Cap outside lobbyists' pay, House schools budget proposes
The House and Senate are just a few cents apart on agreeing to how much money school districts should get next year for each student -- though other issues remain for the two sides to hash out.
The House threw a curve ball in its budget offer Friday morning by saying it wants to keep districts from contracting outside lobbyists for more than $100,000 -- a move that led to surprised looks among the lobbying corps sitting in a Senate committee room.
"In tough times, you look at all areas of spending," said Rep. Marti Coley, R-Marianna and the House budget chief, though she admitted to not knowing how many districts spend that kind of cash on contract lobbyists (many have in-house lobbyists).
Originally, the two chambers had contemplated cutting per-pupil money an average of $463 in the House and $423 in the Senate.
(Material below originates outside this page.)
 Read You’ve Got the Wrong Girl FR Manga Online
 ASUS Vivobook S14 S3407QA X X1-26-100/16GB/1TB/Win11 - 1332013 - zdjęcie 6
The Senate on Thursday proposed a $540.37 reduction after legislative leaders set aside less money than expected for schools.
(The actual cut is closer $83, the Senate says, taking into account factors including reforms to pensions for public employees.)
Friday morning, the House put forth a $539.85 cut to per-student funding, which is currently $6,810 a year.
The remaining sticking points include whether to fund an extra hour of school in some cases -- a move backed by Sen. David Simmons, the Altamonte Springs Republican who heads the Senate budget -- and details on bonds to pay for school construction. And there are differences on how much to fund the African American Task Force and the Florida Holocaust Museum, programs important to several lawmakers.
The two sides agreed, among other things, to:
- Authorize voluntary pre-kindergarten programs to increase the number of students per classroom
- Allow schools to enroll new students into full classes after October, when the state measures compliance with class-size mandates, as long as schools have a plan for how to deal with the extra students the following year.
- Cut school recognition funding in half as the state implements a new law on teacher pay and tenure.